Hi Mat,
Thanks a lot.
Now, I manage to make it works. several efforts are made:
- change some expressions in kernel code, like
point_in(:) = 0.99D0 * A_dev(:, point) &
+ 0.01D0/4.0D0 * (A_dev(:,B_dev(1,cell)) + A_dev(:,B_dev(2,cell)) + A_dev(:,B_dev(3,cell)) + A_dev(:,B_dev(4,cell)))
Change into
point1 = B_dev(1,cell)
point2 = B_dev(2,cell)
point3 = B_dev(3,cell)
point4 = B_dev(4,cell)
point_in(:) = 0.99D0 * A_dev(:, point) &
+ 0.01D0/4.0D0 * (A_dev(:,point1) + A_dev(:,point2) + A_dev(:,point3) + A_dev(:,point4))
A_dev are DOUBLE PRECISION, device arrays; B_dev are INTEGER, device arrays.
- stop the optimization of pgfortran link in makefile
F90 = pgfortran -module $(MODULE) -Mmpi=mpich1 -Mcuda -Mbyteswapio
OPT = -O3 -tp nehalem-64
GPUOPT = -O3 -ta=nvidia:cuda3.2 -Mcuda=keepbin -Mcuda=keepptx -Mcuda=ptxinfo -v
LN_OPT = -O0
#
# compilation rules
#
.SUFFIXES : .CUF .c .f .f90 .mod .F90
.mod.o :
$(F90) $(OPT) $(INCLUDES) -o $*.o -c $*.f90
.CUF.o :
$(F90) $(GPUOPT) $(INCLUDES) -o $*.o -c $*.CUF
.f90.o :
$(F90) $(OPT) $(INCLUDES) -o $*.o -c $*.f90
.F90.o :
$(F90) $(OPT) $(INCLUDES) -o $*.o -c $*.F90
.c.o :
$(CC) $(INCLUDES) -o $*.o -c $*.c
# $(CC) -O3 $(INCLUDES) -ffast-math -o $*.o -c $*.c
# compilation
#
$(TARGET) : $(OBJECTS_F90) $(OBJECTS_C)
$(F90) $(LN_OPT) $(OBJECTS_C) $(OBJECTS_F90) -o $@
#
If I change it with LN_OPT = -O3 (linking parameter), the run is stopped with the same error.

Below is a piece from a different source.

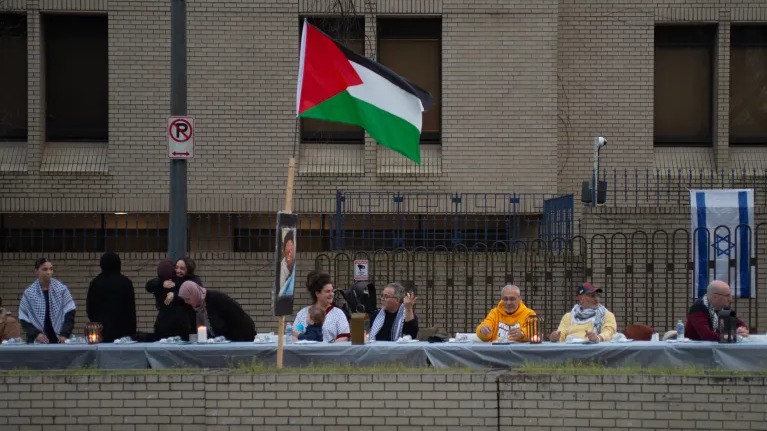 Protest iftarom nasuprot Ambasade Izraela u Washingtonu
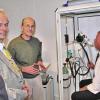 Betriebsleiter Bernhard Moll (rechts) und der Ärztliche Direktor des Kreiskrankenhauses, Prof. Hans Ruppin, (links) inspizieren die Praxis Dr. Härtel.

Maybe there is a bug in the pgfortran link (strange). I try to provide my codes to you for test.
- change the block & grid parameters to run kernel
CALL raycast<<<ATOMIC_RAYS/BLOCK_SIZE,BLOCK_SIZE>>>(point_dev, cell_dev, simul_dev,energy_inter_dev)
defined as
INTEGER, PARAMETER :: BLOCK_SIZE=128
INTEGER, parameter :: ATOMIC_RAYS = 14*BLOCK_SIZE
But if I increase ATOMIC_RAYS into a larger value, for example 214BLOCKSIZE, the code stopped with the same error.
I do not quite know about these two parameters.
BLOCK_SIZE should be 32, 64, 96, 128, 256 … 1024? But also limited by registers?
In the compiling, I see the registers occupation following. 122 registers & 63 registers, which is the exact value? And what is the lmem, smem, do they limit the total thread number?
....
ptxas info : Compiling entry function 'raycast' for 'sm_13'
ptxas info : Used 122 registers, 168+0 bytes lmem, 40+16 bytes smem, 2768 bytes cmem[0], 120 bytes cmem[1], 4 bytes cmem[14]
....
ptxas info : Compiling entry function 'raycast' for 'sm_20'
ptxas info : Used 63 registers, 8+0 bytes lmem, 72 bytes cmem[0], 2768 bytes cmem[2], 4 bytes cmem[14], 40 bytes cmem[16]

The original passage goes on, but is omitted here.